(Extracted records)
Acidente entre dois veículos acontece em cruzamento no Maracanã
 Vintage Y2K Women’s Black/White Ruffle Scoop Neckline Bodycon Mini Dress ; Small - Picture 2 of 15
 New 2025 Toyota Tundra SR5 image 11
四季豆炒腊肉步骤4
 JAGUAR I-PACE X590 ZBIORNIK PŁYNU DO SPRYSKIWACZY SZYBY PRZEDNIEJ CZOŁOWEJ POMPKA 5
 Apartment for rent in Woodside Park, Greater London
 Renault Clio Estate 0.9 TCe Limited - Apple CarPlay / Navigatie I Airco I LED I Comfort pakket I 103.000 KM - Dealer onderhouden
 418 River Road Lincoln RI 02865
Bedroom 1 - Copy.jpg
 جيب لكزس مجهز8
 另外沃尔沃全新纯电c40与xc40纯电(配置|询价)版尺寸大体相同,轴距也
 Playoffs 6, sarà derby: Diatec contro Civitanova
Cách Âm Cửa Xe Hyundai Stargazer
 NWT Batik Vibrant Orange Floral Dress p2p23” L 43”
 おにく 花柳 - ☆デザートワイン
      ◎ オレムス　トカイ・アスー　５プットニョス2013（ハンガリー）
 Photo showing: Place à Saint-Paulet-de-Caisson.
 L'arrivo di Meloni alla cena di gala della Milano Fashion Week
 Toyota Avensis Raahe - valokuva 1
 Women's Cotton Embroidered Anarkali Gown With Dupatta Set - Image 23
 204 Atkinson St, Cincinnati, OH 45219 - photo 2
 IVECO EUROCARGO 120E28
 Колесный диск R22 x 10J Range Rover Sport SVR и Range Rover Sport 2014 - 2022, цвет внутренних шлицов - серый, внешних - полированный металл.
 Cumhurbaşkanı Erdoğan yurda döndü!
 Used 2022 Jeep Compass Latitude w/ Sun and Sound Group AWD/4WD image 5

== Action item ==
Search the data above for the string "Dress" and return every line that has it.

== Task answer ==
 Vintage Y2K Women’s Black/White Ruffle Scoop Neckline Bodycon Mini Dress ; Small - Picture 2 of 15
 NWT Batik Vibrant Orange Floral Dress p2p23” L 43”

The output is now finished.